Inverse Design of Bifunctional Metasurfaces Using Improved Generative Adversarial Networks
Xiaosong Liu, Xianbo Cao, Tao Hong, Wen Jiang
Abstract
In this letter, a novel inverse design method for metasurfaces (MSs) based on a Wasserstein generative adversarial network with a gradient penalty (WGAN-GP) is presented. Compared with other GAN variants, the proposed WGAN-GP significantly improves the stability and robustness of the training process using the Wasserstein distance and gradient penalty to ensure a smoother optimization landscape. Furthermore, Gramian angular difference fields (GADFs) are introduced to transform electromagnetic (EM) responses into 2-D images.
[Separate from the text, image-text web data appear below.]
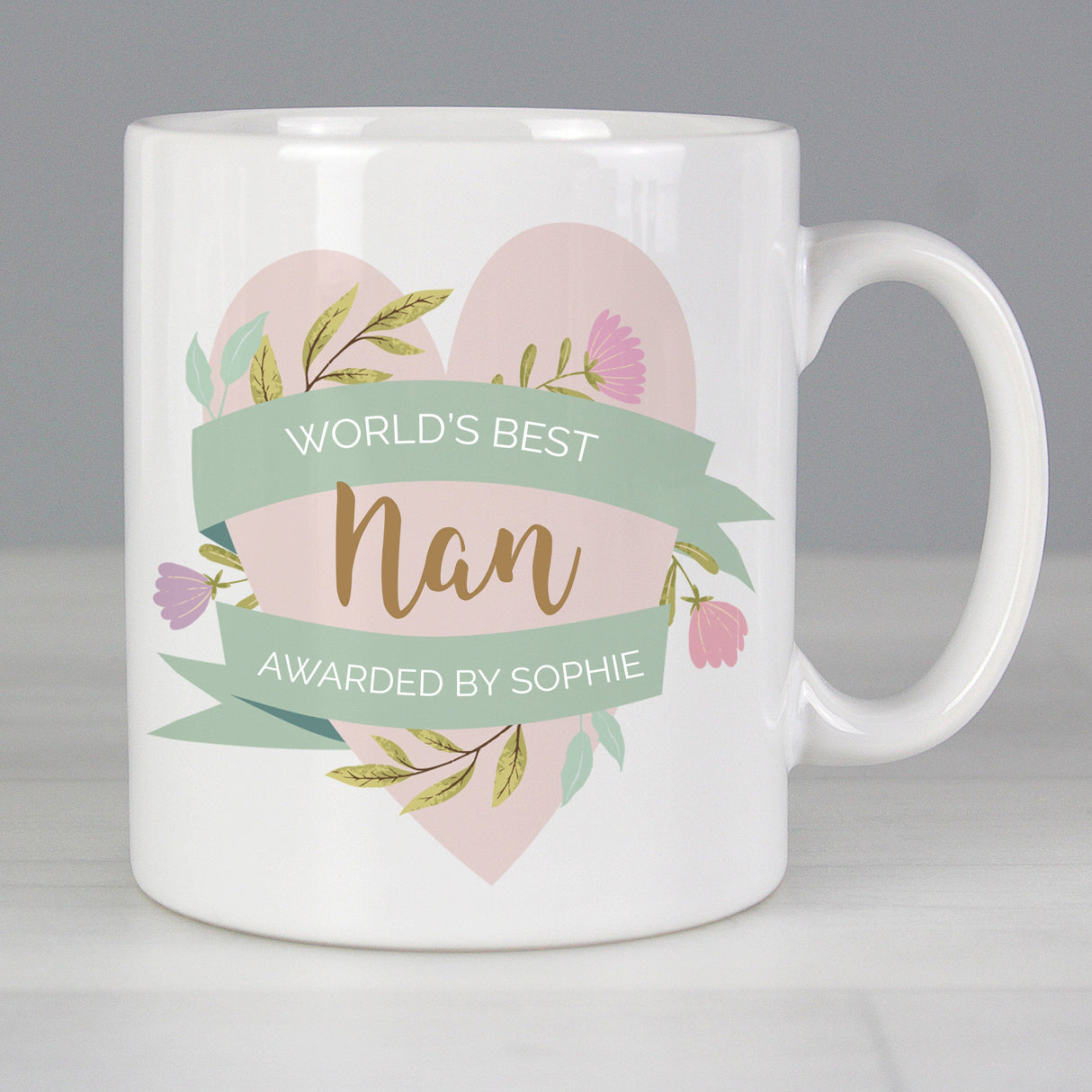 Personalised Floral Heart Mug: 3 - Mugs By Gift Moments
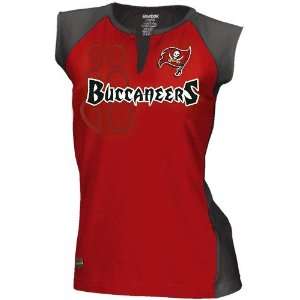   Bay Buccaneers Womens Two Toned Split Neck T Shirt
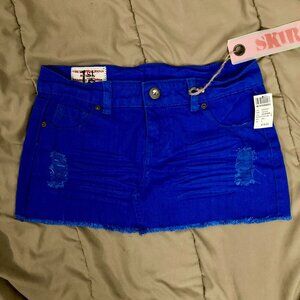 Blue mini skirt, size 1, early 2000s bottom, vintage, sexy summer wear, y2k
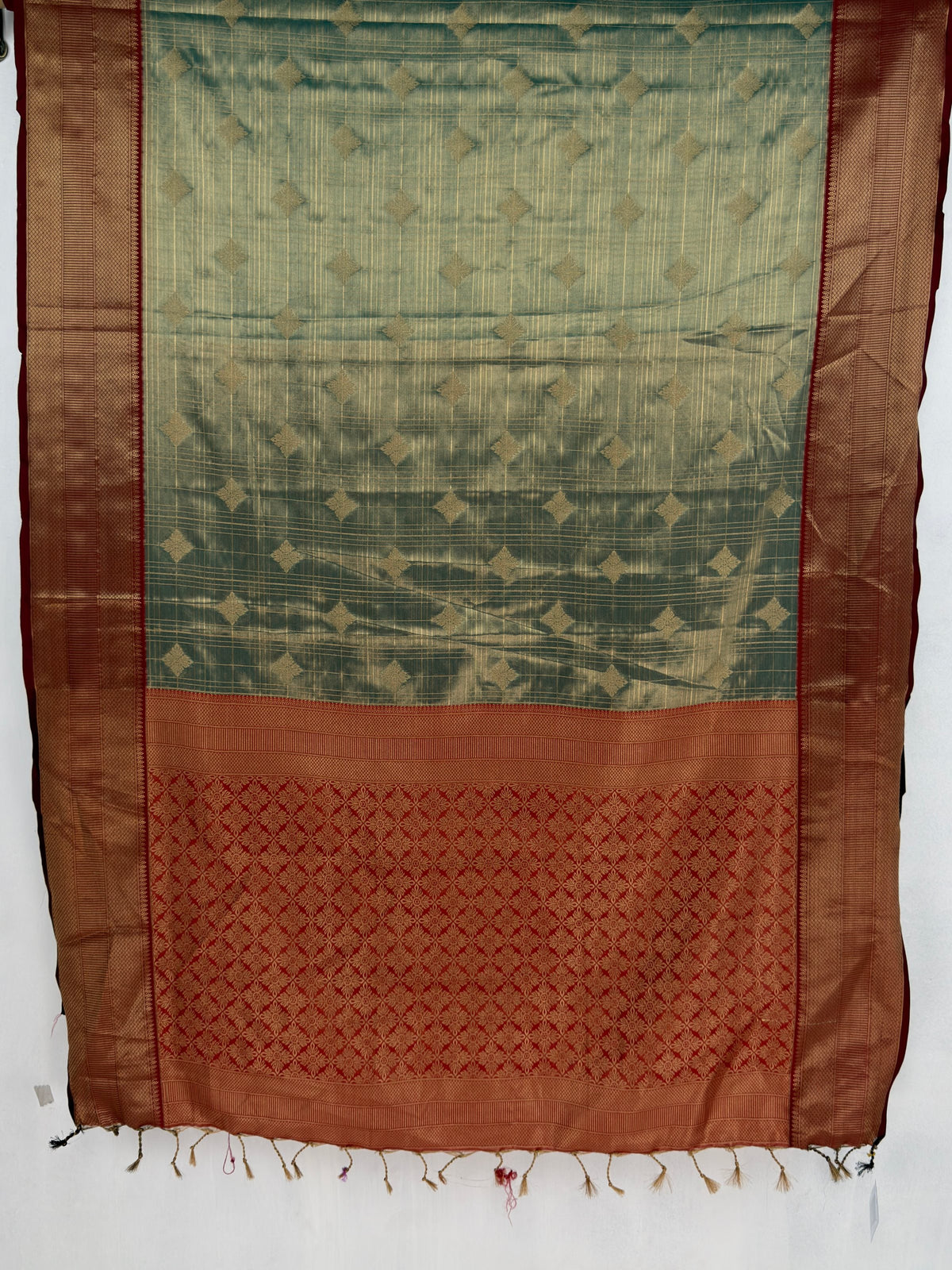 MIMOSA Sapphire Kanjivaram Saree — pallu and zari work detail
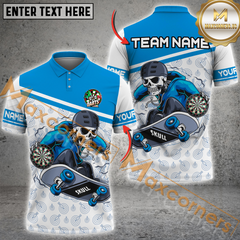 Maxcorners Darts  Skateboarding Skeleton Multicolor Option Customized Name, Team Name 3D Polo Shirt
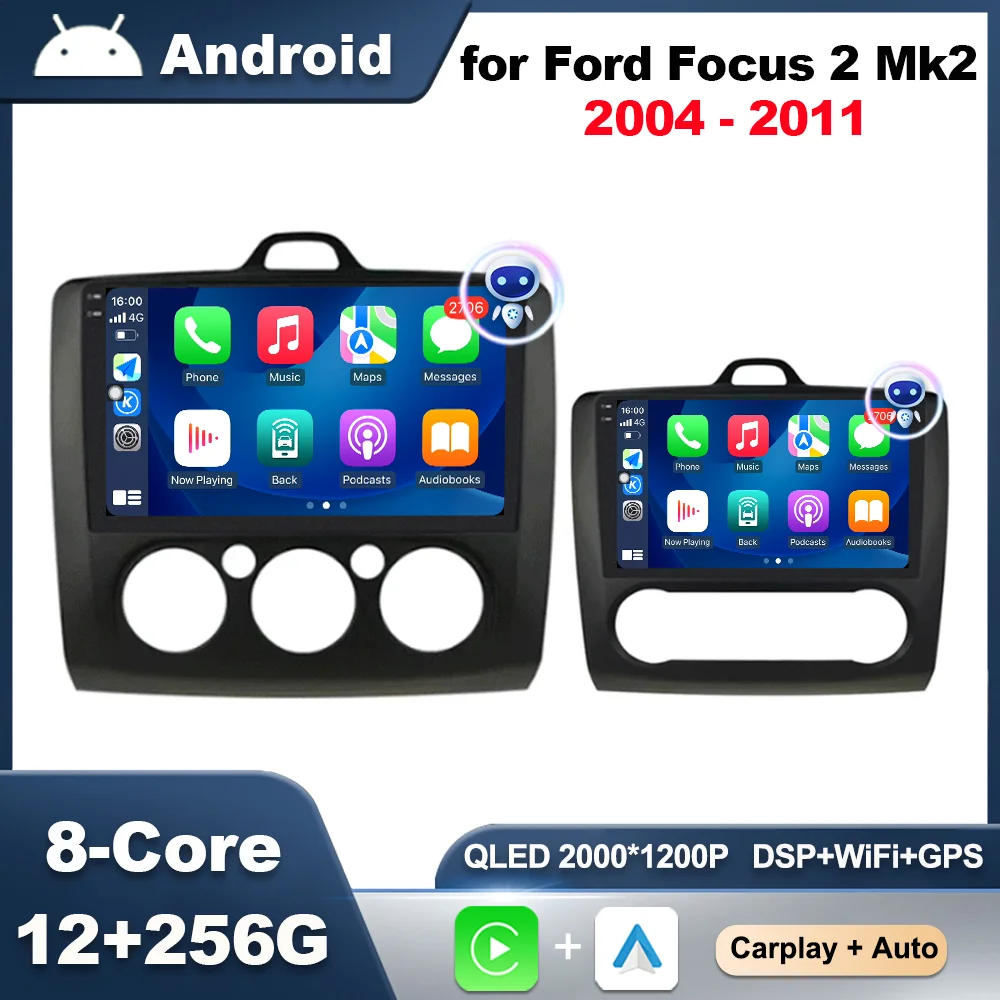 

9 inch Android OS For Ford Focus 2 Mk2 2004 - 2011 Car Radio Audio Multimedia Player GPS Navigation Wireless Carplay DSP Stereo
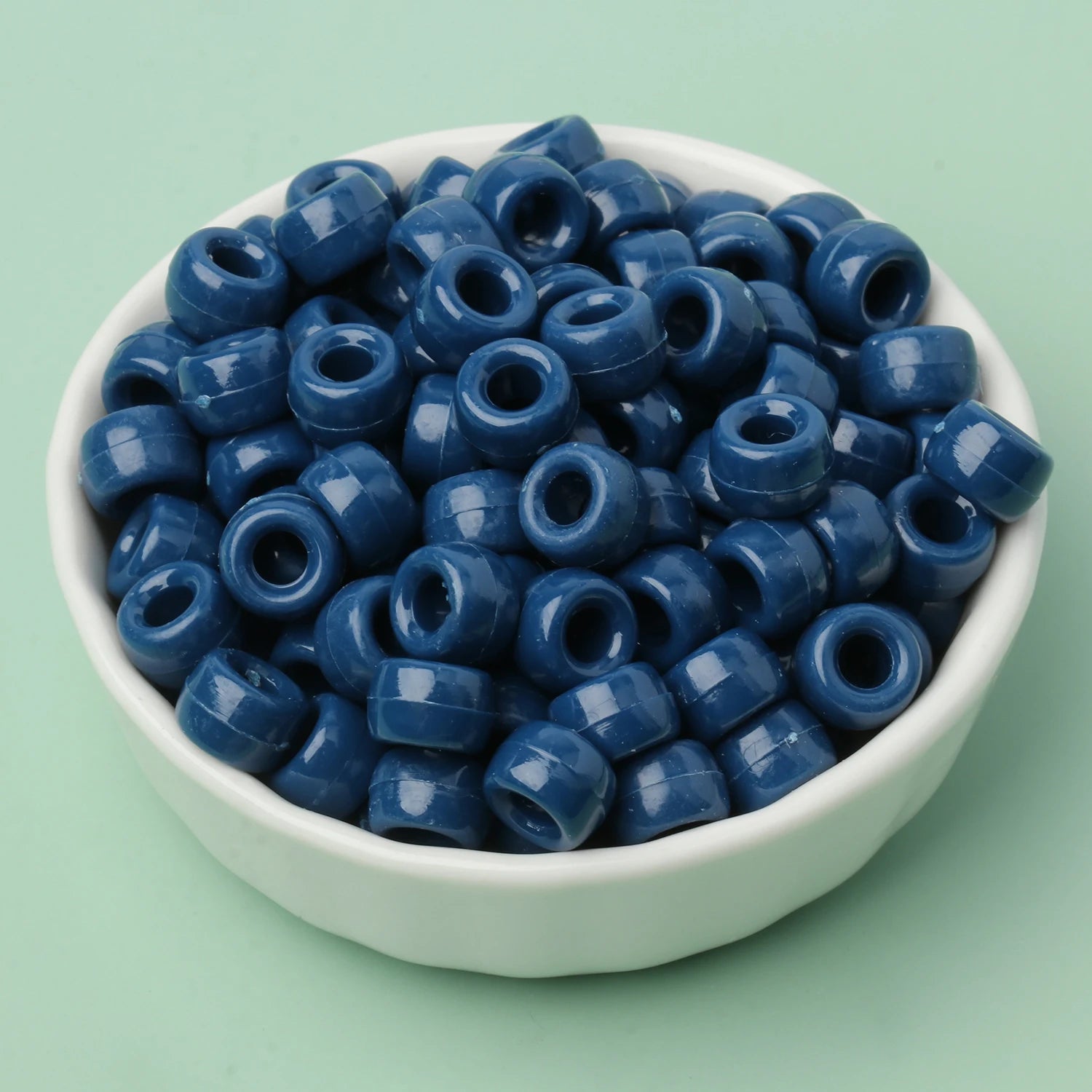 100 חרוזי פוני 6x9 מ"מ – חרוזים צבעוניים עם חור גדול ל־DIY ותכשיטים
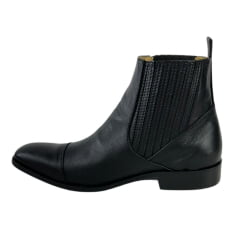 Botina Masculina Garotti Social Couro Pelica Preto Sola Pre-Frezano Verona Ref.101-COD:1342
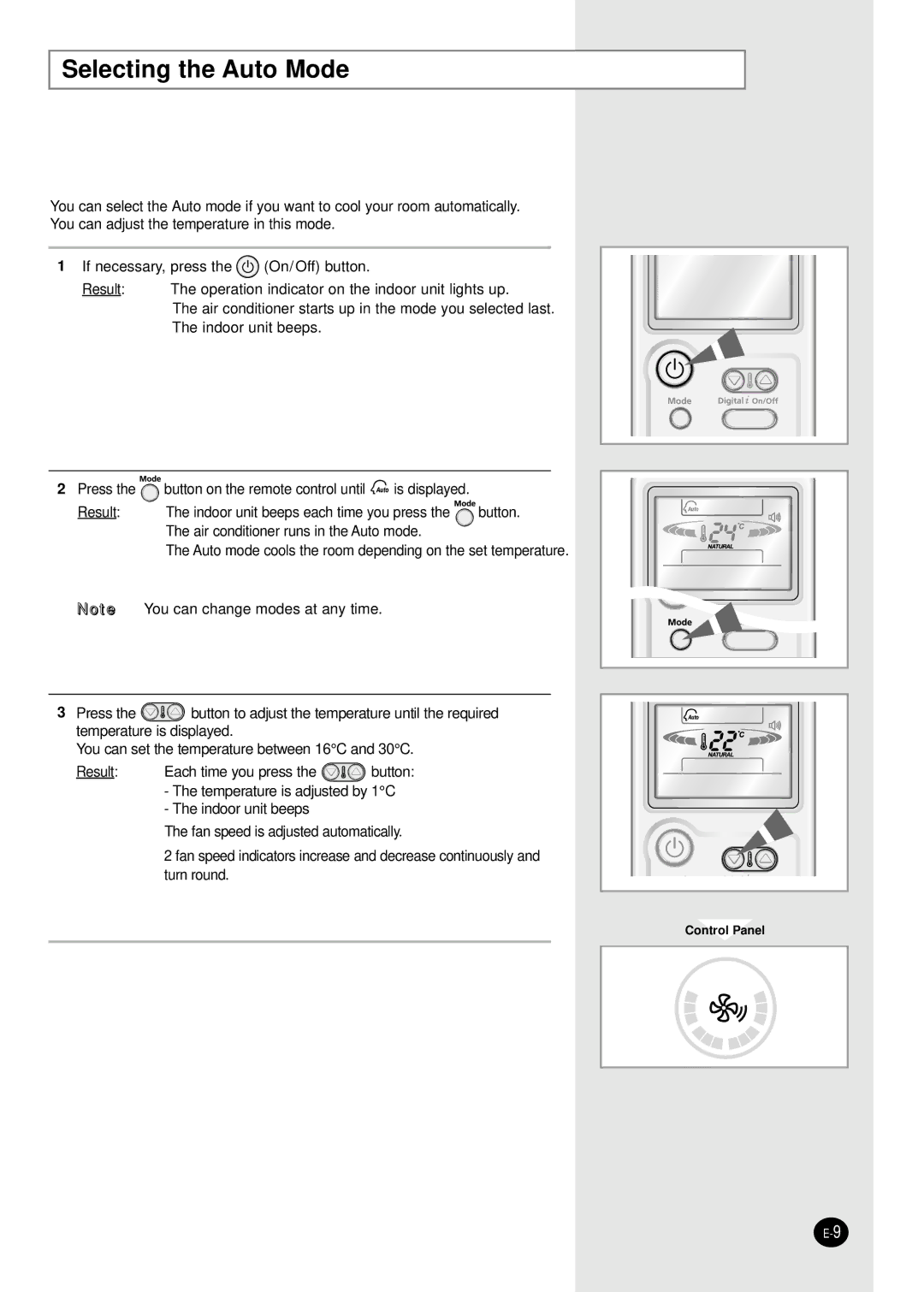 Samsung AS18CM2X, AS09CM1X, AS09CM2X, AS09CM2N, AS09CM1N, AS18CM1N, AS18CM2N, AS24CM1X, AS24CM2N, AS24CM1N Selecting the Auto Mode 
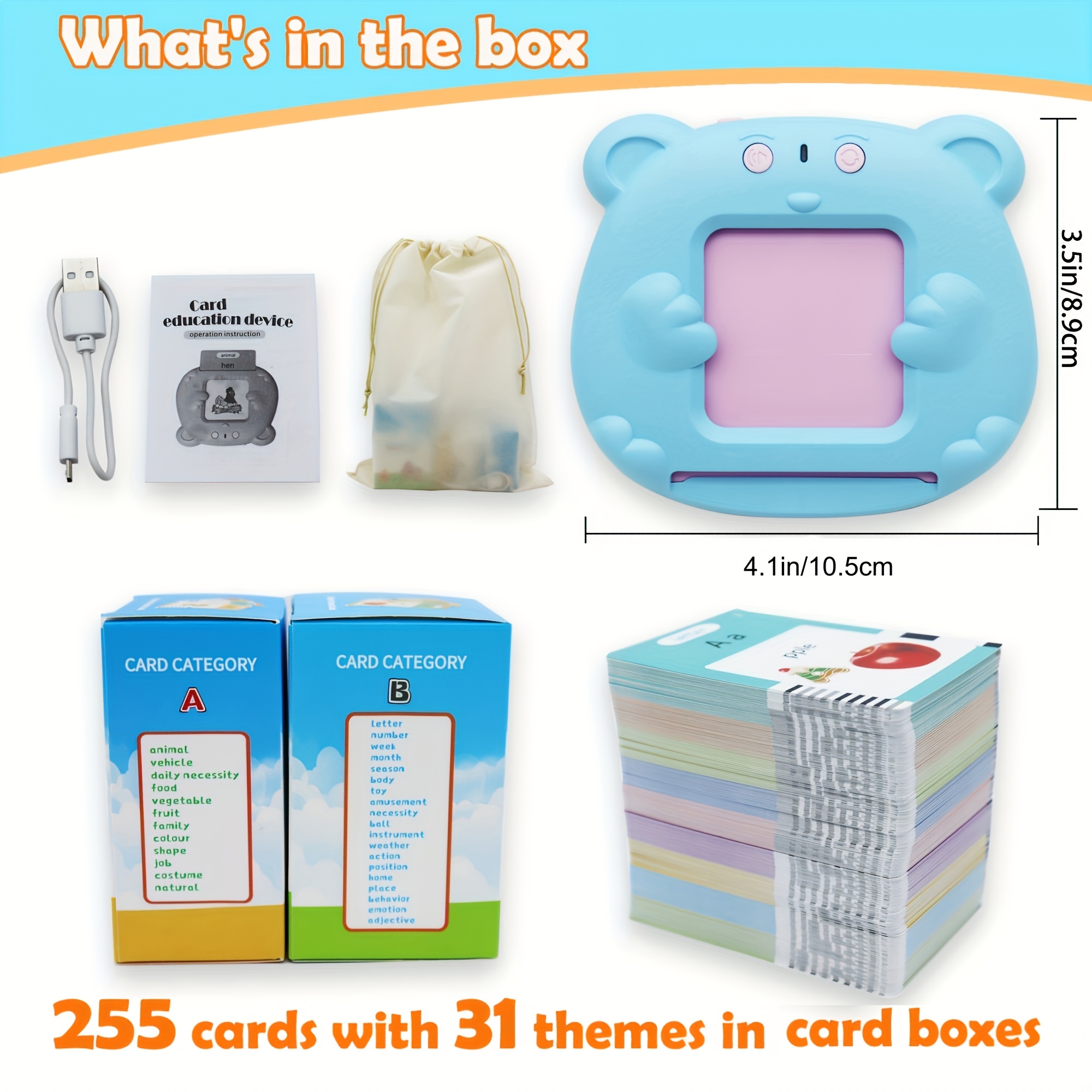 Image of 255 Cards 510 Words English Alphabet Talking Flash Cards, Pocket Speech Interactive Toys For Boys And Girls, Christmas Birthday Gifts For Kids, Speech Sight Words Toys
GADFs are characterized by capturing repetitive patterns and structures in a 1D sequence, making them particularly suitable for processing periodic phase data. Therefore, meta-atom patterns and their corresponding EM responses form 2-D input-output pairs, allowing the WGAN-GP to inversely design MSs from an image recognition perspective. As a proof-of-concept example, we experimentally demonstrate a bifunctional MS that integrates second-order orbital angular momentum (OAM) and holographic imaging under dual-linearly polarized excitation. The measured results closely align with the simulated results, thereby validating the feasibility of our inverse design strategy.